Samsun’un Kavaklı İlçesi’nde bir köyde doğdum. Köylü bir ailenin çocuğuyum. Köyümüzde kireç taşı olduğu için kireçle ilgimiz de ondan geliyor. Doğduğum yıllardan (1933’lerde) 1958 yılına kadar memleketimizde kireç odunla yakılırdı. Eskiden Karadeniz’de, Samsun’un arkasındaki köylerde kireç işini Rumlar yaparmış. 1923’te Cumhuriyet’in ilanıyla Rumlar Yunanistan’a gitti ve bu iş bizim köylülerimize kaldı. Büyüklerimiz bize anlatırdı. Ben de 1940’lı yıllarda odunla kireç yakıldığını çok iyi biliyorum.

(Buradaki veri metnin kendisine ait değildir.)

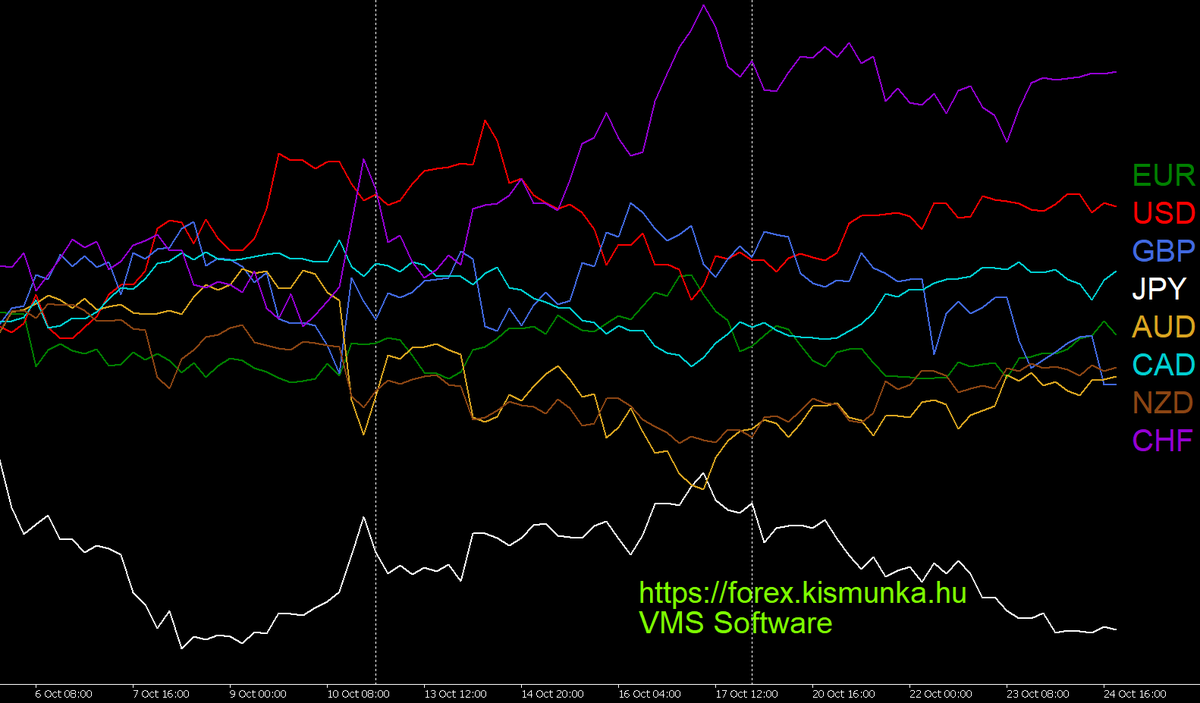 All major currencies in one H4 chart.  Forex hírek szempontjából, (nem csak forex robotot használóknak) a várható fontosabb híreket itt találjátok: forex.kismunka.hu/?fo=9&al=411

Samsun’un köyünden kalkıp Samsun’a geldik. İlk ve ortaokulu Samsun’da okudum. Dayım ve babam kireç işiyle uğraştığı için biz de bunun nakliye işiyle uğraştık. Kamyonlarımız vardı. Ortaokula gittiğim yıllarda o kamyonlarla kirecin nakliye ve satışında çalışıyordum. Ailemiz politikayla uğraşıyordu. Ortaokulu bitirdiğim zamanlarda da, 27 Mayıs’tan sonra ben de politikacı oldum. Siyasi parti ilçe başkanlığı, il başkanlığı, belediye başkanlığı yaptım. Hem kireç işini hem diğer işleri bir arada götürmeye çalıştım. Ama ikisi bir arada yürümedi. 2010 yılında kireçle alakam kesildi.
Bölgede kireç taşı olduğunu söylediniz. O dönemde kirece nerelerde ihtiyaç duyuluyordu? Ürettiğiniz kireç nerelerde tüketiliyordu?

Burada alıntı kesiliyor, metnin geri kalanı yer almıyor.